■ Work to be completed:
Set down, exactly and in full, the line holding "Rhett is registered" and all the lines after it until the listing ends, and nothing else.

■ Data excerpts:

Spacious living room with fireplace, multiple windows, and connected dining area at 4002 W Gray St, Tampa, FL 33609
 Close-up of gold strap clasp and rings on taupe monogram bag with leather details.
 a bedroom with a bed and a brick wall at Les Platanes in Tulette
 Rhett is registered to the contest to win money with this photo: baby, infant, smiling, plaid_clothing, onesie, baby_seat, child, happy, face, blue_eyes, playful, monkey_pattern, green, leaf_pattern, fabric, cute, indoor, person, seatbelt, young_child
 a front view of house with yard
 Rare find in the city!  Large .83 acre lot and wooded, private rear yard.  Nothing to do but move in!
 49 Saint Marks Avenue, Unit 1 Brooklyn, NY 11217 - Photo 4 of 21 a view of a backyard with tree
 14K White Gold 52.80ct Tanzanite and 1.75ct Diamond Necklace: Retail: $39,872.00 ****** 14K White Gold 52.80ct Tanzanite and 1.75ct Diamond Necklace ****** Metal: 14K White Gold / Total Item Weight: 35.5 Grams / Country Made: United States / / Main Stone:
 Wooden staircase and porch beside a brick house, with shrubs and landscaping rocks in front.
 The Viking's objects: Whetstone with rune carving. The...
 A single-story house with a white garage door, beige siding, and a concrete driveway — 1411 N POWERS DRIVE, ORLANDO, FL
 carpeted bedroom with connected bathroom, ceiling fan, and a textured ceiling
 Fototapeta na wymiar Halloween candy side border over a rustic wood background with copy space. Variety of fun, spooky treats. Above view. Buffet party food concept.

■ Response:
 Rhett is registered to the contest to win money with this photo: baby, infant, smiling, plaid_clothing, onesie, baby_seat, child, happy, face, blue_eyes, playful, monkey_pattern, green, leaf_pattern, fabric, cute, indoor, person, seatbelt, young_child
 a front view of house with yard
 Rare find in the city!  Large .83 acre lot and wooded, private rear yard.  Nothing to do but move in!
 49 Saint Marks Avenue, Unit 1 Brooklyn, NY 11217 - Photo 4 of 21 a view of a backyard with tree
 14K White Gold 52.80ct Tanzanite and 1.75ct Diamond Necklace: Retail: $39,872.00 ****** 14K White Gold 52.80ct Tanzanite and 1.75ct Diamond Necklace ****** Metal: 14K White Gold / Total Item Weight: 35.5 Grams / Country Made: United States / / Main Stone:
 Wooden staircase and porch beside a brick house, with shrubs and landscaping rocks in front.
 The Viking's objects: Whetstone with rune carving. The...
 A single-story house with a white garage door, beige siding, and a concrete driveway — 1411 N POWERS DRIVE, ORLANDO, FL
 carpeted bedroom with connected bathroom, ceiling fan, and a textured ceiling
 Fototapeta na wymiar Halloween candy side border over a rustic wood background with copy space. Variety of fun, spooky treats. Above view. Buffet party food concept.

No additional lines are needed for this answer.